176 また明日も‥‥
蕾ちゃんが体調が悪いと言っていた一週間後、蕾ちゃんは倒れて意識不明になった。
アイちゃんは関係ないと言っていたけど、やっぱり何かしら関係してたんじゃないかと考えてしまう。
一回目と違って理由を知っているので困惑はなく、純粋に悲しみを感じることになった。
アイちゃんはいつも以上に口数が少なくなり、わかりづらいが落ち込んでいるようだったが、小乃羽ちゃんはいつもより熱心にお仕事をしていた。
小乃羽ちゃんなら泣き崩れていそうだと思ったが、一度目で既になっていたからだろうか、何だか小乃羽ちゃんが強くなったような気がする。
でも、きっと心のなかでは悲しいから、仕事をして考えないようにしているのかもしれないなぁ‥‥。

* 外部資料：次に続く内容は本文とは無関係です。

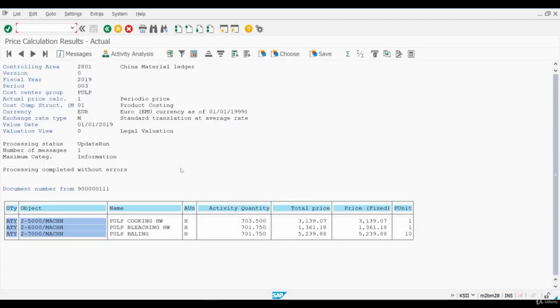After we have ran KSII, we are ready to start the settlement process for the process orders we have created.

『夕闇さん、今日はもう帰っていただいてもいいですよ』
「え、でも‥‥」
『今日は発明品関係のことを片付けておきたいので大丈夫です。 それとは別のことなんですが‥‥以前の時間ではマスターのことを気にかけてくださっていたので陸さんの方が疎かになっていたと思うんです。 だから、マスターのことは気にせず、夕闇さんは夕闇さんにしか出来ないことをしてください』
蕾ちゃんの家に通っていたことで、お兄様と話すことも一緒にいることも少なくなって、それでお兄さんが磨北さんと過ごす時間がたぶんだけど増えたんだろう。
‥‥それでもさ。
「‥‥でも、私明日も来るよ。 来なきゃ、色々と後悔しそうだから‥‥」
『そう‥‥ですか。 では、また明日に』
「うん、また‥‥」
アイちゃんにそう言い、私はエレベーターを降り、日が傾き始めた空を眺めながら、ゆっくりと自宅へと歩きだした。
◆◆◆◇◆◇
『あとのことは任せたよ‥‥か。 本当にたまに無理難題を言ってくるんですから、マスターは‥‥』
私はベッドの側で目を閉じているマスターを見ながら言う。
すると、いつの間にか小乃羽が寝室にいることに気づく。
「それだけ信頼されてるってことでしょ。 私なんて簡単な仕事しかさせてもらえないんだし」
『別に小乃羽のやってる仕事だってそこそこ難しいのだけどね。 ‥‥でもまぁ、そうなのかな』
「うん、そうじゃないと倒れる直前の二回ともアイちゃんに任せたなんて言わないだろうからね」
それでも、流石にマスターのいなくなったあとを埋めるには私では力不足だと、自分が一番わかっている。
でも、自分が出来る分には頑張りたい。
『何事もなく、夕闇さんが目的を成功させるために私達も全力で頑張らないとね』
「そうだね。 お姉ちゃんの手助けが出来るように頑張ろう!」
それがきっとマスターの望んだことなんでしょうから、私はやり遂げてみせます。